Try it.
Your copy starts at the line containing "Because it's a" and ends at the last line below. Copy exactly, without pictures.

── Dataset content ──

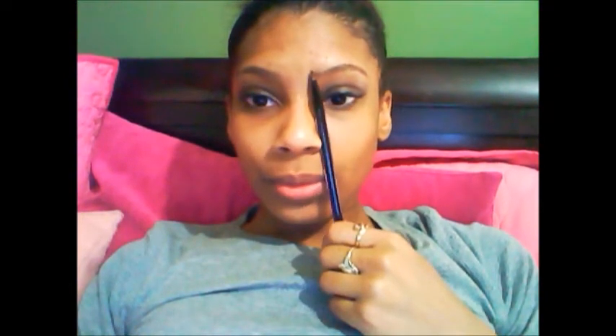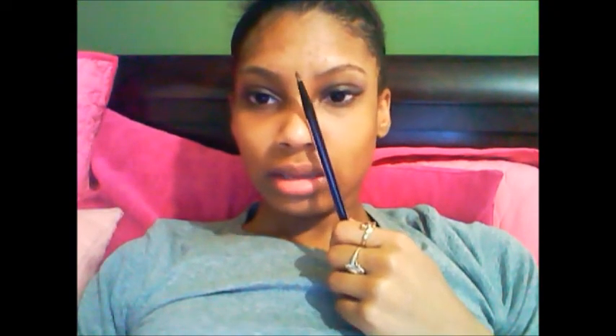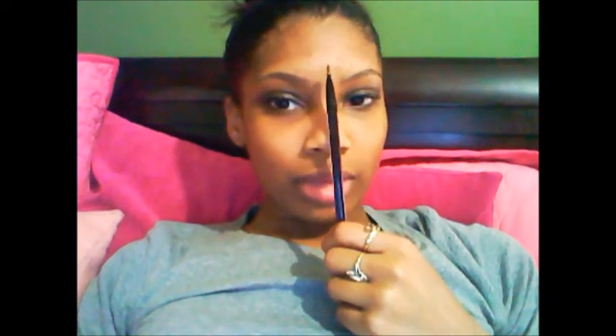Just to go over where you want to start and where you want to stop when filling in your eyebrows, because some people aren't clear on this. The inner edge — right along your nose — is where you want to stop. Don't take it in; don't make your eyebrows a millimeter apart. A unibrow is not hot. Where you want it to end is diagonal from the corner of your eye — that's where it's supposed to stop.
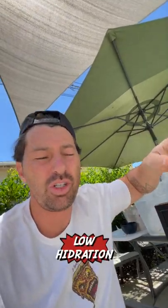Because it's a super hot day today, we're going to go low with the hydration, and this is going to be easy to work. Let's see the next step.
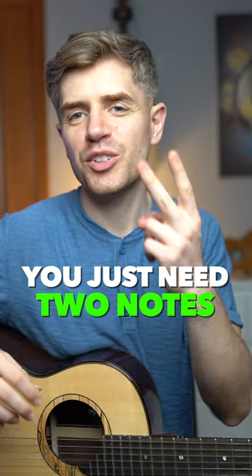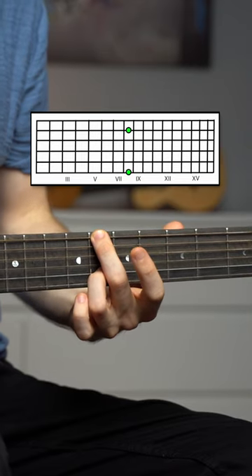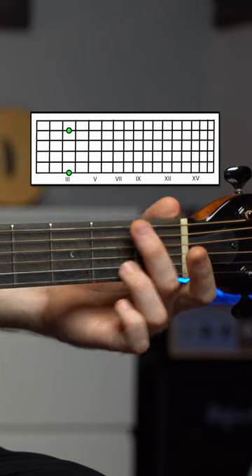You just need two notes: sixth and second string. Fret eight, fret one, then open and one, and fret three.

───

Answer below.
Because it's a super hot day today, we're going to go low with the hydration, and this is going to be easy to work. Let's see the next step.
You just need two notes: sixth and second string. Fret eight, fret one, then open and one, and fret three.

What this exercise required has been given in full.